Ahram Center for Political and Strategic Studies, al-
AHRAM CENTER FOR POLITICAL AND STRATEGIC STUDIES, AL-
A policy research institute founded in Cairo in 1968.
Al-Ahram Center for Political and Strategic Studies is part of the publishing empire that Muhammad Hasanayn Haykal built up around the famous newspaper al-Ahram. It is showcased in a dazzling, steel and glass twelve-story building. The center's original name—Center for Zionist and Palestine Studies—is revealing. In the wake of Egypt's devastating defeat by Israel in the 1967 Arab–Israel War, Gamal Abdel Nasser and Haykal agreed that Egyptians could no longer afford to remain ignorant of Israeli social and political dynamics. As Nasser's closest journalist confidant, Haykal offered the center's researchers protection from outside interference. Boutros Boutros-Ghali, the respected academic who later served as secretary-general of the United Nations, became general supervisor of the center, and a son-in-law of Nasser served as director.
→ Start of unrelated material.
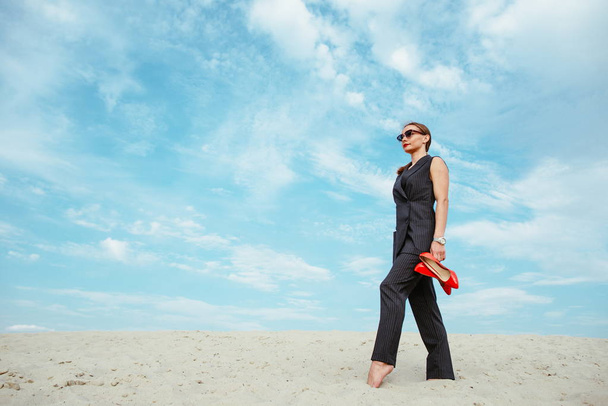 full height portrait of stylish white young woman in suit, sunglasses, red lipstick standing with red glossy high heels shoes in her hands outdoor in desert - Fotó, kép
The center's privileged young social scientists set to work to analyze as dispassionately as possible such topics as the reasons for Egypt's defeat, the sources of Israel's strengths, and the nature of U.S.–Israel relations. Soon after its founding the center adopted its current name, which reflected its branching out into far-ranging social, economic, and political analyses, probing possible options as Egypt moved from the era of Nasser to that of Anwar Sadat, and then Husni Mubarak. The center also invited foreign scholars to make scholarly presentations.
Haykal fell out with Sadat and was dismissed from al-Ahram in 1974, and Nasser's son-in-law lost his post. The center drifted briefly, having lost its facile access to the top political elite. Sayyid Yasin, from the National Institute for Criminological Research, gave the center new direction. With the help of such talented social scientists as Ali alDin Hilal Dessouki and Saadeddin Ibrahim, Yasin directed the center's efforts toward the educated elite in Egypt and the Arab world. The center's scholars often were able to make limited yet pointed criticisms of regime policies that would not have been tolerated in the regular press or other political forums. In place of Sadat's effusions about the new era of Egyptian–Israeli and Egyptian–U.S. relations, for example, the center's scholars offered hard-headed, detached analyses of Egyptian national interest.
see also haykal, muhammad hasanayn.
Baker, Raymond William. Sadat and After: Struggles for Egypt's Political Soul. Cambridge, MA: Harvard University Press, 1990.